Author: Wiebke K Kohl-Heckl1, Anna K Koch2, Holger Cramer2
1 Department of Internal and Integrative Medicine, Evang. Kliniken Essen-Mitte, Faculty of Medicine, University of Duisburg-Essen, Essen, Germany. email@example.com.
2 Department of Internal and Integrative Medicine, Evang. Kliniken Essen-Mitte, Faculty of Medicine, University of Duisburg-Essen, Essen, Germany.

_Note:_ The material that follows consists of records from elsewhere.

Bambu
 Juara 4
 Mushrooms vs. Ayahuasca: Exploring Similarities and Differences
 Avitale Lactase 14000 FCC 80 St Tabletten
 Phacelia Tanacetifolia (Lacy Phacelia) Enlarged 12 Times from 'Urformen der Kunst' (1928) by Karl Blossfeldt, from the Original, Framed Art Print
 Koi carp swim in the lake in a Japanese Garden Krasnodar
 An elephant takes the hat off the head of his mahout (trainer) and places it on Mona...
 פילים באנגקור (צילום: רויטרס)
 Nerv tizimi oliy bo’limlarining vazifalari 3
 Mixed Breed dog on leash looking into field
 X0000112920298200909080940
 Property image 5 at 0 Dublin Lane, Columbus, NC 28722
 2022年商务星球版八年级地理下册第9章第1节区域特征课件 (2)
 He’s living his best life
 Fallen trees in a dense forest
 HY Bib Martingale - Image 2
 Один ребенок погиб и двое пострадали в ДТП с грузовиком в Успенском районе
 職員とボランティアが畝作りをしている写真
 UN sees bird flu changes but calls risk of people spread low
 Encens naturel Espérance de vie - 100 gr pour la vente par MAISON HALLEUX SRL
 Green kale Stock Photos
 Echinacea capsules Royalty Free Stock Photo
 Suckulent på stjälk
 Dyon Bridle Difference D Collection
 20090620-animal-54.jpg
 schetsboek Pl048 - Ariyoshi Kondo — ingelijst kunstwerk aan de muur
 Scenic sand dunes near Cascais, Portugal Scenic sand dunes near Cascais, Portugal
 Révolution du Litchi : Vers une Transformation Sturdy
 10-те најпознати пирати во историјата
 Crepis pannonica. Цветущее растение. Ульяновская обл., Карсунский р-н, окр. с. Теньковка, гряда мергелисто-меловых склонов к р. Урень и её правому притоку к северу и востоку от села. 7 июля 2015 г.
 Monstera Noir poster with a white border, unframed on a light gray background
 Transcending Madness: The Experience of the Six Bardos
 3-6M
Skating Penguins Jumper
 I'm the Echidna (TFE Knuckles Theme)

Conference/Journal: BMC Complement Med Ther
Date published: 2022 Feb 12
Other: Volume ID: 22 , Issue ID: 1 , Pages: 41 , Special Notes: doi: 10.1186/s12906-022-03525-0. , Word Count: 283
Stroke is the second most common cause of death worldwide. Even after surviving, long-term rehabilitation often becomes necessary and does not always lead to complete recovery. Guidelines focus on prevention of risk factors and present concepts for rehabilitation after a stroke. Additional to these recommendations, complementary medicine (CM) utilization is common among patients with neurological conditions. CM also offers a wide range of therapies for both prevention and rehabilitation in stroke. There is limited information available on CM utilization among stroke survivors and differences to patients without former stroke diagnosis.
Methods and results:
This analysis was based on data of the 2017 National Health Interview survey (NHIS, n = 26,742; response rate 80,7%). We analyzed the prevalence of consultations among stroke patients with CM practitioners within the last 12 months and reasons for utilization. 3.1% of participants reported a stroke, individuals without a prior stroke diagnosis were more likely to have used CM in the past 12 months (31.3% without versus 28.9% with stroke). Consultations with a chiropractor and of using mind-body-medicine was higher in individuals without stroke diagnosis, while more stroke survivors had consulted a naturopath. Equal proportions had consulted a homeopath. Most common therapy approaches among stroke survivors were spiritual meditation (13.7%), progressive relaxation (5.4%), yoga (5.2%), mindfulness meditation (4.3%), mantra meditation (3.1%), guided imagery (2.6%) and tai chi (1.7%). CM use in stroke survivors was associated with female sex (adjusted odds ratio [AOR] = 2.12, 95% confidence interval [CI] = 1.56-2.88) and higher education (AOR = 1.94, CI = 1.42-2.65).
Stroke patients were less likely to take advantage of complementary medicine than the general population. Since there are many safe and beneficial options, stroke survivors might profit from better information about the existing possibilities regarding prevention and rehabilitation.
Keywords: Complementary medicine; Mind-body-medicine; Rehabilitation; Stroke survivors.